Part of Remembrance Sunday has always been about personal grief and private memories. We look at our television screens today and see veterans weeping tears of grief for their fallen comrades. It is as if it happened yesterday, when in fact it was 60, 70, 80 years ago. However, as the veterans of those conflicts pass away, there are some who say we should abandon this act of remembrance altogether, consign it to history. And if this day were only about personal remembrance, then most of us would have no part of it. We would simply be onlookers as others perform their ritual. But, if there are some who need to speak of their experiences of war, then the rest of us should listen. For we need constantly to be reminded of the horrendous cost of war.

In recent years, this act of remembrance has, in fact undergone something of a revival. Part of it is linked to the increased number of British service men and women involved in active conflict. But part of it has more negative undertones. In the absence of a national day, this ceremony has taken on more nationalistic tones and, for some, become the litmus test of loyalty. Refusal to wear the red poppy has become a shibboleth for integration, especially for our Muslim sisters and brothers. What this reveals is a country that knows itself deeply divided and in need of a shared narrative and a common enemy.
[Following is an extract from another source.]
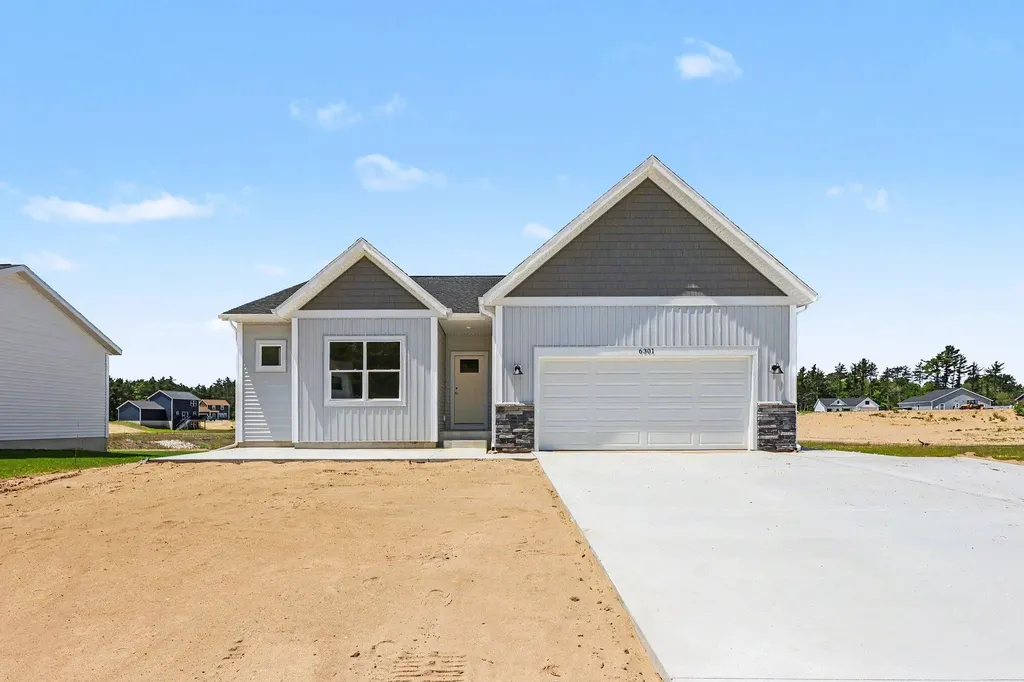 6301 Sturgeon Run Fruitport Charter Township MI 49444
We seek, in conflict, to heal the wounds within and it is a false unity.

I have just returned from Sri Lanka where remembering is a way of continuing the conflict. The lack of a shared narrative means that the same events have totally different significance depending on your ethnicity. The struggle still goes on in Ireland to find a way to acknowledge the past in a way that brings healing rather than compound division. In Britain, are we in danger of creating new enemies and external threats in order to bind us together?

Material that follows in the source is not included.